WORK TASK —
Pictures in the listing should not be copied. Reproduce, word for word, each line from the one holding "Of course I'm right Bob Crewneck Sweatshirt" through the final line.

RECORDED DATA —
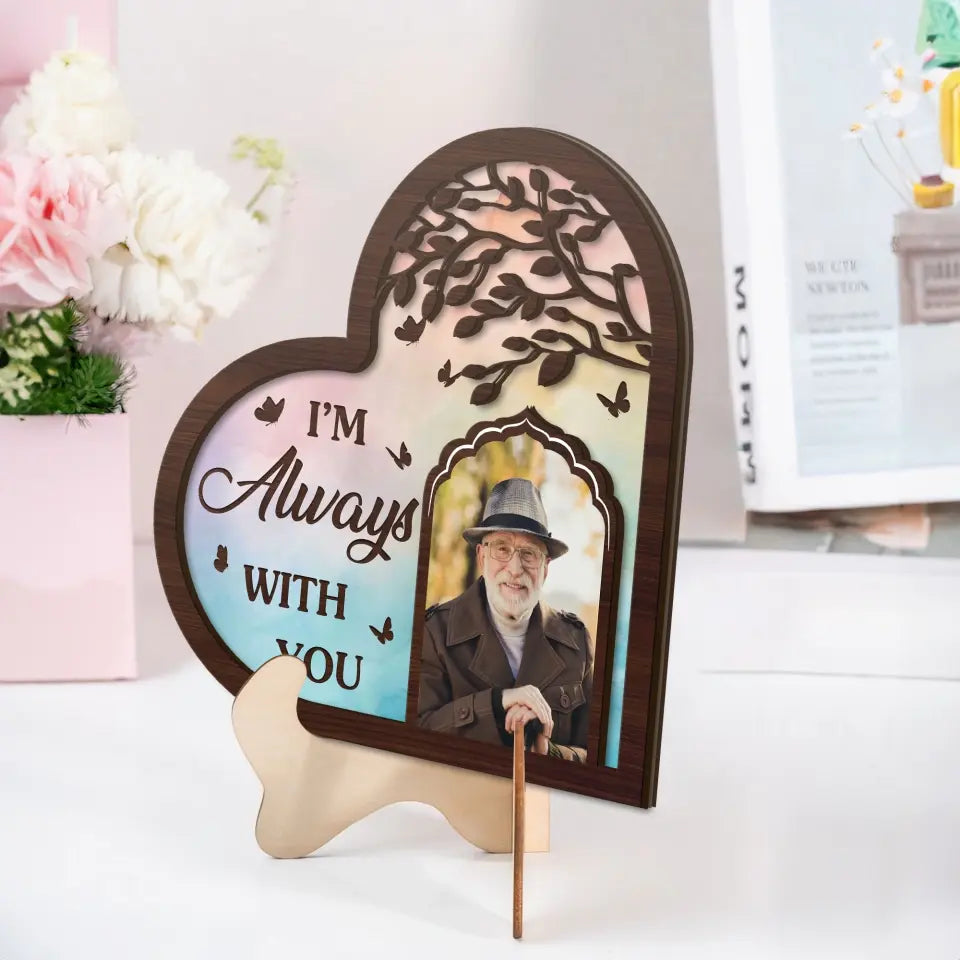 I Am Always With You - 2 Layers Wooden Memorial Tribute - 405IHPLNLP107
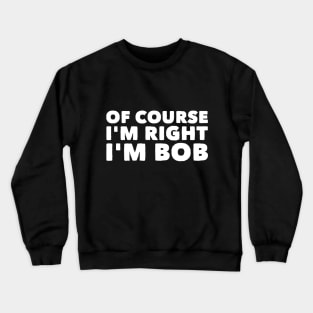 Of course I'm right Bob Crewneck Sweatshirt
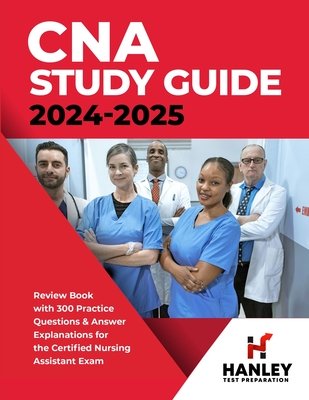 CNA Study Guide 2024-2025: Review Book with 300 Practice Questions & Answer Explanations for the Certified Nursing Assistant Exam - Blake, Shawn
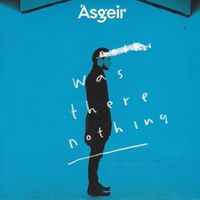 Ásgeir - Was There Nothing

RESULT FOR THIS EXERCISE —
 Of course I'm right Bob Crewneck Sweatshirt
 CNA Study Guide 2024-2025: Review Book with 300 Practice Questions & Answer Explanations for the Certified Nursing Assistant Exam - Blake, Shawn
 Ásgeir - Was There Nothing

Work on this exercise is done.